Face aux périls économiques, climatiques et géopolitiques, notre réflexe bien français pourrait être de nous replier sur nous-mêmes. Mais à l’heure des crises mondialisées, ce ne sont plus les seules grandes institutions nationales qui détiennent les clés de notre résilience : ce sont les Régions. Ces “grosses PME territoriales”, souvent loin des dorures ministérielles, agissent au plus près du terrain pour inventer des solutions concrètes. Oui, une Région, c’est local, mais c’est tout sauf petit.
Les régions, piliers de la résilience nationale
Les Régions disposent de compétences clés en matière de développement économique, de formation professionnelle, de gestion des transports, d’aménagement du territoire et de transition écologique. Cette proximité avec les réalités locales leur confère une capacité d’action rapide et adaptée face aux défis globaux. Bretagne, Île-de-France, Auvergne-Rhône-Alpes : trois Régions, trois trajectoires différentes.
Une évidence s’impose : les Régions ne se contentent plus de résister, elles inventent des modèles alternatifs, plus humains, plus ancrés, plus durables. Sans rejeter le monde, elles le réinventent à l’échelle du territoire. Ni naïves ni nostalgiques, elles adaptent l’action publique aux besoins locaux et incarnent une force rare aujourd’hui : la confiance des habitants. Souples, proches du terrain, elles deviennent les tampons intelligents entre le mondial et le municipal.
Quand les Régions passent à l’action
Bretagne : un laboratoire de relocalisation – Non contente de faire les meilleures crêpes de l’univers observable, la Bretagne est devenu un véritable laboratoire de relocalisation. Face à la crise énergétique, elle n’a pas attendu Bruxelles ou Paris pour se mobiliser : investissements dans l’éolien offshore, l’hydrogène vert, circuits courts, soutien à l’agroalimentaire local. En 2023, elle a lancé AgriLocal, une plateforme qui connecte agriculteurs et cantines scolaires. Résultat : moins de CO2, plus de beurre salé dans les assiettes. De l’écologie patriotique, sans discours flippant.

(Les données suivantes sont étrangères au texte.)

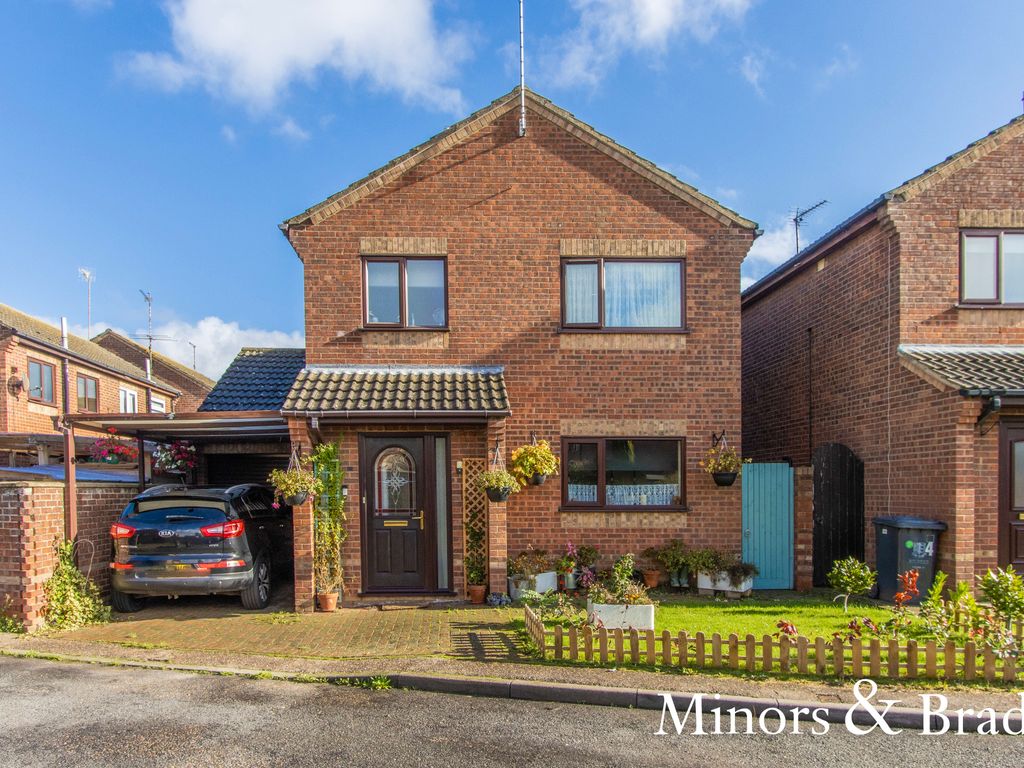 3 bed detached house for sale in Burgess Close, CaisterOnSea, Great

Île-de-France : la diplomatie des territoires – Première région économique française, l’Île-de-France joue un rôle central dans les dynamiques mondiales. Si elle participe aux JO 2024, elle mène aussi une diplomatie territoriale active : coopération avec l’Afrique, l’Asie, l’Europe de l’Est, autour du développement durable et de l’innovation urbaine. Carrefour du tourisme, de la finance et de la recherche, elle reste un moteur international majeur.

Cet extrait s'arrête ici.